Christelle : On peut s’en sortir et dépasser toutes les séquelles que laissent des drames ?
Cynthia : Le jour où je me suis vue dans l’ombre, j’ai appris à me concentrer sur l’essentiel et à remercier pour tout ce que j’ai. C’est ce que je continue à faire aujourd’hui. Y croire ! Parler ou vivre dans l’espoir au quotidien, c’est aussi une force, ou une faiblesse pour d’autres, mais cet espoir, je souhaite pour ma part l’entretenir. Et épargnez-moi ceux qui pensent le contraire ou le disent publiquement. Je me souviens et me rappelle que je suis toujours en vie.
Christelle : Trouvez-vous que nous avançons au niveau de la condition féminine ?
Cynthia : Chaque étape fait avancer. Chaque féminicide nous fait réfléchir. La sécurité de chacun de nous, nous pousse à agir ou à faire de la prévention. Sur le plan politique et économique et social, ici au Canada, la moitié du gouvernement est composée de ministres femmes. Elles osent s’exprimer, dire les choses, on les écoute avec considération et on agit en conséquence. Il y a encore beaucoup à faire, mais on avance malgré tout.
Christelle : Quel est votre plus grand conseil pour les femmes aujourd’hui ?

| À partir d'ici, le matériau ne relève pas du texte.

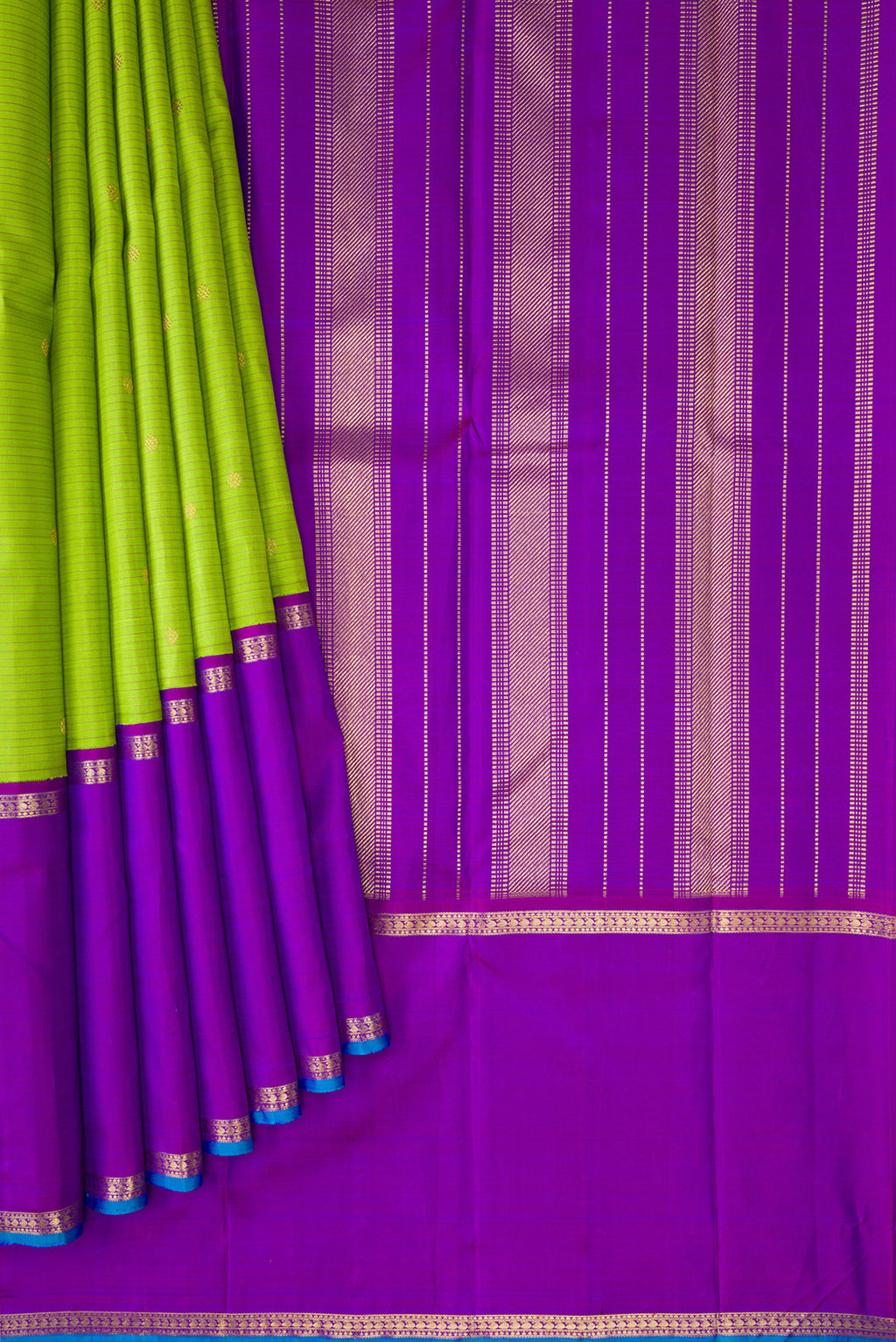 Pleats and pallu of Pure Silk Pure Zari Parrot Green Dual Tone Kanchipuram Saree with Stripes on the body and Zari Border.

Cynthia : Vivre au présent. Ne pas chercher à voir trop loin (conséquences de l’actualité imprévisible selon moi aujourd’hui). Apprécier ce qu’on a et s’en contenter dès que nous le pouvons. Profiter des moments heureux parce qu’on ne sait pas du tout ce qui arrivera demain. Demain est un autre jour. Demain on ne sait pas.